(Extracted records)
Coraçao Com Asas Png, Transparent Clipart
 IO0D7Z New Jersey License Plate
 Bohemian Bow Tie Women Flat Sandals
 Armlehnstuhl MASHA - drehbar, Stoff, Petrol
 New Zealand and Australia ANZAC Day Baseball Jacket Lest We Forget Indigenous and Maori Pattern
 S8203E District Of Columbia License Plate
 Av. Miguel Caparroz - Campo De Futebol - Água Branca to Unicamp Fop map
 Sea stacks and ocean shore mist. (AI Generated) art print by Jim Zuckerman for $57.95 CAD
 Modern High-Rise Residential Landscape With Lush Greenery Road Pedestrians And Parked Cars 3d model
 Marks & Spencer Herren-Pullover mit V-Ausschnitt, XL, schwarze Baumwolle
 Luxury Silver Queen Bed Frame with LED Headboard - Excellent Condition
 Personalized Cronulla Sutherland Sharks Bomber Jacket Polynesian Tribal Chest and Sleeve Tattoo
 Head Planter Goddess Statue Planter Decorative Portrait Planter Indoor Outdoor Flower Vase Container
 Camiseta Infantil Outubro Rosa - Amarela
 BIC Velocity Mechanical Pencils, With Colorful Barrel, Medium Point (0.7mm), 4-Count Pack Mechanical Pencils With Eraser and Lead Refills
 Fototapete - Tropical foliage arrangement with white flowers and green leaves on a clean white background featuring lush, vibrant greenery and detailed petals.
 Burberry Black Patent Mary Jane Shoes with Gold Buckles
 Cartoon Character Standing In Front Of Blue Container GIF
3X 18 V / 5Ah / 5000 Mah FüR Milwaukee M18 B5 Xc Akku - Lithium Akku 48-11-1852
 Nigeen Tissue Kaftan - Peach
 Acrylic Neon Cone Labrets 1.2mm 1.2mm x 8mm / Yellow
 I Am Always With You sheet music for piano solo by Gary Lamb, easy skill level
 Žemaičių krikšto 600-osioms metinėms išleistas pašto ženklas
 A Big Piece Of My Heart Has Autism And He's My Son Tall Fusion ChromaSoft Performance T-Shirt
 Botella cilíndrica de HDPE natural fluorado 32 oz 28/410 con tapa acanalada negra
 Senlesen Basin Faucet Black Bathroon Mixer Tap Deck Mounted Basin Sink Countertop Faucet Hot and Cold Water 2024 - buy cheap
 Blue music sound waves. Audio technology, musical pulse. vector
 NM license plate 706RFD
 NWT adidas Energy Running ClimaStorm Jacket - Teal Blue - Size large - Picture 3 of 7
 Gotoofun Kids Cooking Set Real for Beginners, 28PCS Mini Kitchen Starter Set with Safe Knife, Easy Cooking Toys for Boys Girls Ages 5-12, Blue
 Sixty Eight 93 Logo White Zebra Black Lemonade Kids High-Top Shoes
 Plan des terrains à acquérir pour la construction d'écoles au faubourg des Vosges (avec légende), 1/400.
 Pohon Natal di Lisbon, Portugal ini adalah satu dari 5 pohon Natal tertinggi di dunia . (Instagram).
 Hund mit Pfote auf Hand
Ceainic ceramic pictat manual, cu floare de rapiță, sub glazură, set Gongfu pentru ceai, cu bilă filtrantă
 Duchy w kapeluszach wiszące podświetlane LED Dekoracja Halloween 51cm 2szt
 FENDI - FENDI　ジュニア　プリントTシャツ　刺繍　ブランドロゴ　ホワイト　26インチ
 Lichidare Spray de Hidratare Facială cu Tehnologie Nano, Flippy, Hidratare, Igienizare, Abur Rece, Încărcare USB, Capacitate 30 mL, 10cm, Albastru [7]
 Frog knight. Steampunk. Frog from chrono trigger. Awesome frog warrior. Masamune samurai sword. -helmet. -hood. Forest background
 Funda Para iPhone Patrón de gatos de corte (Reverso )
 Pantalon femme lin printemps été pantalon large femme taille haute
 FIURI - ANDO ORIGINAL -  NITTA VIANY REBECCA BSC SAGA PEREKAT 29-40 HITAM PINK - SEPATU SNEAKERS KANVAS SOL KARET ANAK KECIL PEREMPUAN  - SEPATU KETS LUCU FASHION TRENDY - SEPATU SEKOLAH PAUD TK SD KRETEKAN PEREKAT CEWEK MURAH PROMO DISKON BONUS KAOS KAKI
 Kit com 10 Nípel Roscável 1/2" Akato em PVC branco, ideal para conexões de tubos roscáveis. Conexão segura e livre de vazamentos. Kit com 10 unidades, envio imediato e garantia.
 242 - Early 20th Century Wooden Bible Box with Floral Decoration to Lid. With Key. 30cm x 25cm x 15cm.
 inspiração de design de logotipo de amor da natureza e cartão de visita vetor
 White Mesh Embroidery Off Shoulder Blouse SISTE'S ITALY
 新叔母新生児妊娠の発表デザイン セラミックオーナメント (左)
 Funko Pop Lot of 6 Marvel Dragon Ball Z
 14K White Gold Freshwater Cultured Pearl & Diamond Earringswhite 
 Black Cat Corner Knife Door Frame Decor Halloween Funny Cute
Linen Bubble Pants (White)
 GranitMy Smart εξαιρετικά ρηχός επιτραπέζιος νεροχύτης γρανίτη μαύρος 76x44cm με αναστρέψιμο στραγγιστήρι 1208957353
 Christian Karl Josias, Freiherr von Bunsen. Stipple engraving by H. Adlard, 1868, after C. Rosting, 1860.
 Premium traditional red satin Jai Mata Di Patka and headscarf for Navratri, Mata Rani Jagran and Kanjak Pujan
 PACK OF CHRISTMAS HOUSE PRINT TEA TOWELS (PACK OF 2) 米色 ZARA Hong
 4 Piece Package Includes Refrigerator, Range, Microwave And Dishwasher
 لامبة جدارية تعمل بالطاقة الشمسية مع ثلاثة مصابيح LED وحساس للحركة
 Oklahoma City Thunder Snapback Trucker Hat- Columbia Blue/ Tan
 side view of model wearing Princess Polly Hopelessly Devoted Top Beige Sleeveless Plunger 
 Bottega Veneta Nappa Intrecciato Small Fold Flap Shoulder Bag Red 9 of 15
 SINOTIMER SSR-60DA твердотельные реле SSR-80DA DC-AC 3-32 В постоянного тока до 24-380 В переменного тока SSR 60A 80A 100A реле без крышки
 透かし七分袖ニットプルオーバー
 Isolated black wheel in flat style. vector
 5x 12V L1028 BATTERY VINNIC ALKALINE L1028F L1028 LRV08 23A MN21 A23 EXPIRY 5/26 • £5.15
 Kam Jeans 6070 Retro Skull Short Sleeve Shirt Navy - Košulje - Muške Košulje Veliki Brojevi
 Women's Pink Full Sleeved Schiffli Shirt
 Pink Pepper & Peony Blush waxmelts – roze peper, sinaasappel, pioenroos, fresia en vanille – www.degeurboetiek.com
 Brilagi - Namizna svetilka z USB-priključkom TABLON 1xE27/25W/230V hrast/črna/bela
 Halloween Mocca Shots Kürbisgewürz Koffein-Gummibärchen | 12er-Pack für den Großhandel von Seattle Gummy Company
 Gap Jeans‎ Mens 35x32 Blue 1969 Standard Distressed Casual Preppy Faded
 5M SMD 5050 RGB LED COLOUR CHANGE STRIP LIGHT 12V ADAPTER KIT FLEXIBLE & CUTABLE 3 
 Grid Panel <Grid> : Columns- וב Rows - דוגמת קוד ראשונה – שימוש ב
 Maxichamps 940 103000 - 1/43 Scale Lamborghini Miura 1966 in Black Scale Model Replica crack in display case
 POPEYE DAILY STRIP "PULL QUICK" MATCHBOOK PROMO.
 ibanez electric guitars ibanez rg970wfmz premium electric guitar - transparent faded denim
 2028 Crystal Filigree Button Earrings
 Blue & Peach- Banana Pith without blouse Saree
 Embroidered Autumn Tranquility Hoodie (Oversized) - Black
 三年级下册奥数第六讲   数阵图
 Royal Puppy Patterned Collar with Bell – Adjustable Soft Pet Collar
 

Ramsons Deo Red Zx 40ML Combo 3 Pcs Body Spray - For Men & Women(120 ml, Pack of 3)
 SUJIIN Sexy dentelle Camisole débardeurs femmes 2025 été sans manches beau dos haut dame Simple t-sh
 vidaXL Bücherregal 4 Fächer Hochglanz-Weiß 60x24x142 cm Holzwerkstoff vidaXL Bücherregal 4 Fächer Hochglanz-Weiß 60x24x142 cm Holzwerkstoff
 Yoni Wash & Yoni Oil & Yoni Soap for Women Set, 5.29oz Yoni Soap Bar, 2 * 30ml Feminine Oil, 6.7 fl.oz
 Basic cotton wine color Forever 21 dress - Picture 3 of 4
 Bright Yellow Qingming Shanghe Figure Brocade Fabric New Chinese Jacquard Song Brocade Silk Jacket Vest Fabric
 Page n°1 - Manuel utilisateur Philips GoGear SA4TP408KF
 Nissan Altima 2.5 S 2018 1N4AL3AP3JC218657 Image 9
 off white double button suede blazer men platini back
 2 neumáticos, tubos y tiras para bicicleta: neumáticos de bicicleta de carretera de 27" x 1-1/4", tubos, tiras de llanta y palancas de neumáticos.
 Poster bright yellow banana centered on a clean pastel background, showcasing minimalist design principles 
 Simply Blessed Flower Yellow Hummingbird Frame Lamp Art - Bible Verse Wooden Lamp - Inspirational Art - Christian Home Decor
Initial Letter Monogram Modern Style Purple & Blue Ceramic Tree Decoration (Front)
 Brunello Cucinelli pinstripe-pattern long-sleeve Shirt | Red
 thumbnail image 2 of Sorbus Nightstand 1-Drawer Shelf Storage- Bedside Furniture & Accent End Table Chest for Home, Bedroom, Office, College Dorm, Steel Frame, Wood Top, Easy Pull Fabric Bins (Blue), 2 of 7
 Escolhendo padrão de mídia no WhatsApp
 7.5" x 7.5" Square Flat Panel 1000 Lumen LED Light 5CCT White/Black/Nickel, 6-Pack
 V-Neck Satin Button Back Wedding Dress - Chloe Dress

_Task goal:_ Write out exactly the lines above between the line with "Senlesen Basin Faucet" and the line with "Lichidare Spray de", inclusive, and nothing beyond them.

_Task response:_
 Senlesen Basin Faucet Black Bathroon Mixer Tap Deck Mounted Basin Sink Countertop Faucet Hot and Cold Water 2024 - buy cheap
 Blue music sound waves. Audio technology, musical pulse. vector
 NM license plate 706RFD
 NWT adidas Energy Running ClimaStorm Jacket - Teal Blue - Size large - Picture 3 of 7
 Gotoofun Kids Cooking Set Real for Beginners, 28PCS Mini Kitchen Starter Set with Safe Knife, Easy Cooking Toys for Boys Girls Ages 5-12, Blue
 Sixty Eight 93 Logo White Zebra Black Lemonade Kids High-Top Shoes
 Plan des terrains à acquérir pour la construction d'écoles au faubourg des Vosges (avec légende), 1/400.
 Pohon Natal di Lisbon, Portugal ini adalah satu dari 5 pohon Natal tertinggi di dunia . (Instagram).
 Hund mit Pfote auf Hand
Ceainic ceramic pictat manual, cu floare de rapiță, sub glazură, set Gongfu pentru ceai, cu bilă filtrantă
 Duchy w kapeluszach wiszące podświetlane LED Dekoracja Halloween 51cm 2szt
 FENDI - FENDI　ジュニア　プリントTシャツ　刺繍　ブランドロゴ　ホワイト　26インチ
 Lichidare Spray de Hidratare Facială cu Tehnologie Nano, Flippy, Hidratare, Igienizare, Abur Rece, Încărcare USB, Capacitate 30 mL, 10cm, Albastru [7]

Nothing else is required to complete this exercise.